Il n’y a pas grande chose à faire dans une cour de prison, si ce n’est de fixer le ciel pour tenter de suivre un nuage. Aucune poésie dans l’exercice, quand au fil des jours, des semaines, des mois, des années, par cette étrange fatalité de la fonction qui fait l’organe, les yeux doivent eux aussi chercher à s évader pour continuer à être capable d’atteindre l’horizon. Etrange univers carcéral où bien plus qu’à l’extérieur, la philosophie, le savoir, sont richesses, quant au contraire : le commerce, le travail, ne peuvent enrichir.

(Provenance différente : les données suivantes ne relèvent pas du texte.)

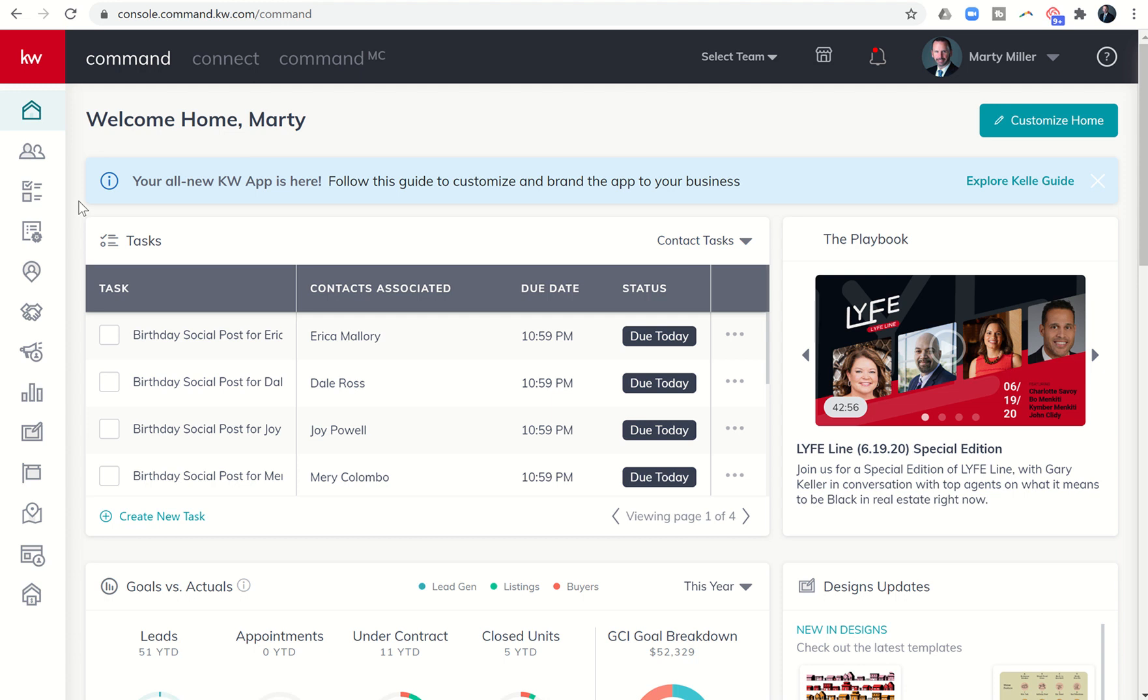Good evening, Keller Williams, and welcome back to the KW Command 66-Day Challenge 4.0, and today is day 12. I wanted to talk a little bit about today.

Cour des condamnés, corridor ouest, aucun bruit ne filtre et la lumière semble rétrécie. Appuyé au mur du mirador ouest, le maître des livres observe l’ancien et l’ancien regarde le ciel. Promenade de l’après midi et pas de nuages aujourd’hui. Pourtant l’ancien sourit, le regard dans le vide et la tête dans des nuages qui n’existent pas.

Le maître des livres se déplace en souplesse, plus furtif que l’ombre qui oscille dans la diagonale des quatre murs. Tandis qu’il s’accroupit en tailleur, il se demande si l’ancien a senti sa présence soudaine, puis il plisse les yeux en regardant le ciel à son tour. L’ancien sent toutes les vibrations de l’air, même celles de l’intérieur.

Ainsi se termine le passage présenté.